Shared rule: quality precedes structure; tags elaborate stable text rather than compensating for broken text.

Processor vs Designer — Processor ships the quality package (clean, stable, computable text without final business records). Designer ships the structure package (views, indexes, multimodal linkage). Designer quality is bounded by Processor output; Processor is expected to lower disambiguation cost for Designer rather than leaving ambiguous attribute pairing.

Processor obligations

Processor output should meet AI-Ready and Data Mining Ready minima across six dimensions:

Dimension Requirement
Text continuity Repair OCR fragmentation in numbers, decimals, units, and element symbols
Entity clarity Protect and stabilise materials, methods, instruments, and scientific names within a document
Numbers and units Preserve magnitudes, decimals, superscripts, and unit notation
Formula safety Repair only when structurally safe; never destroy math or chemistry boundaries
Citations Normalise in-text numeric citations; do not rewrite reference lists or fuse citations into words
Metadata fields Apply the same rigour to captions, table titles, and footnotes as to body text

Implementation detail lives on the Processor page.

Designer obligations

Designer writes per-document directories under the configured output root (default segment Designed Database under data/).
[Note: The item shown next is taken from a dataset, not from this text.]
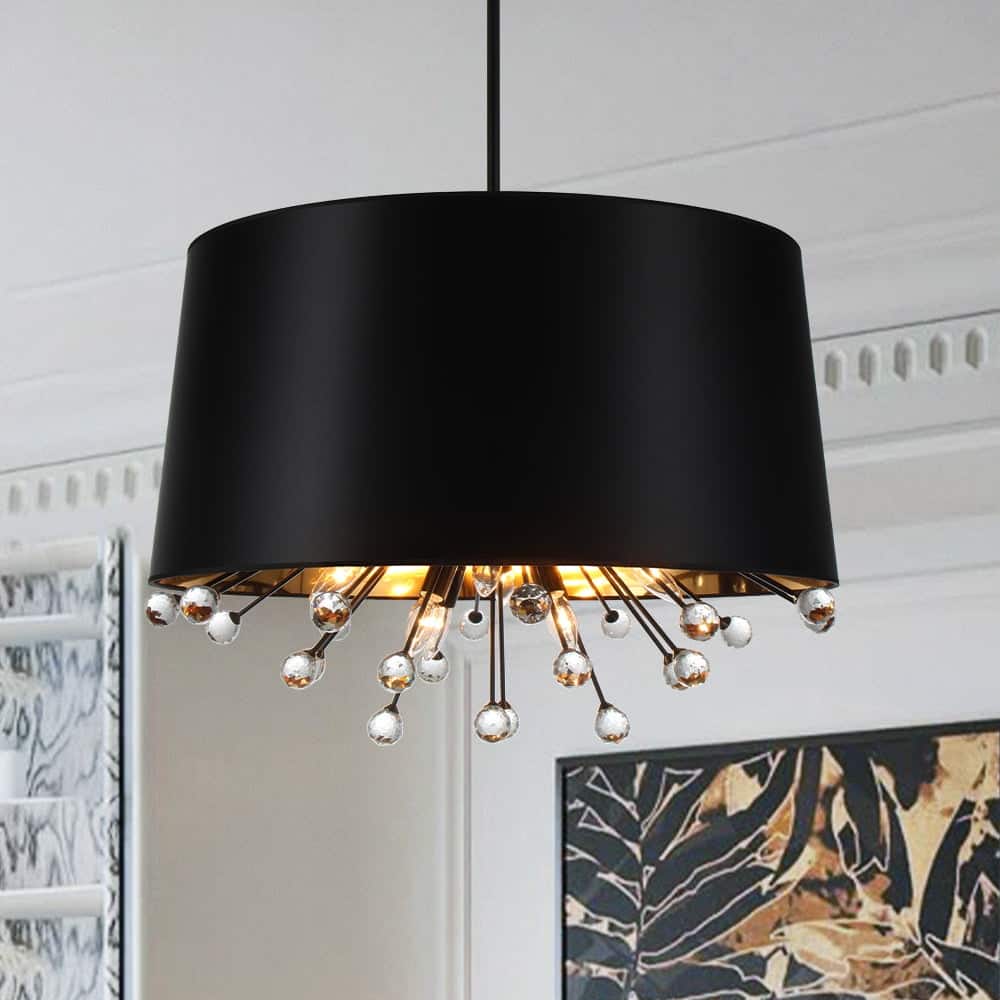 Ornate Rustic 12-Light Cone-shaped Fabric Crystal Chandelier - 30.7 in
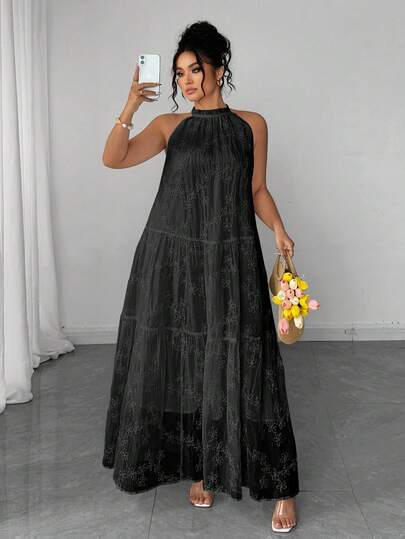 Elenzga 大码女式纯色立领无袖宽松浪漫优雅连衣裙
The on-disk contract is defined in Dataset layout and expanded field-by-field in Output artefacts.

Deliverable groups (single folder per doc_id)

View Files Role
Full-text {doc_id}.content.json (+ optional {doc_id}.content.txt) content (Poros-tagged lines) and pure_text_stream (tag-free lines)
Datamining {doc_id}.structure.json Sections plus formulas, chemical_formulas, asset_refs (with generated link fields)
Multimodal {doc_id}.assets.index.json, images/*, figure Markdown cards Index rows, copied assets, mention/caption context

Consumers must be able to choose content, pure_text_stream, or structure.json without contradicting one another for the same doc_id.

Poros tagging — coarse-grained and stability-first. Root <poros_doc>…</poros_doc> is mandatory. Section tags follow the vocabulary and fallbacks described in Poros tags (header, typed sections, other, subtitles by level). Inline tags stay focused (poros_paragraph, poros_equ, poros_chem, poros_asset, poros_keywords). Tags must nest and close; section closers are strong boundaries but do not replace document EOS tokens.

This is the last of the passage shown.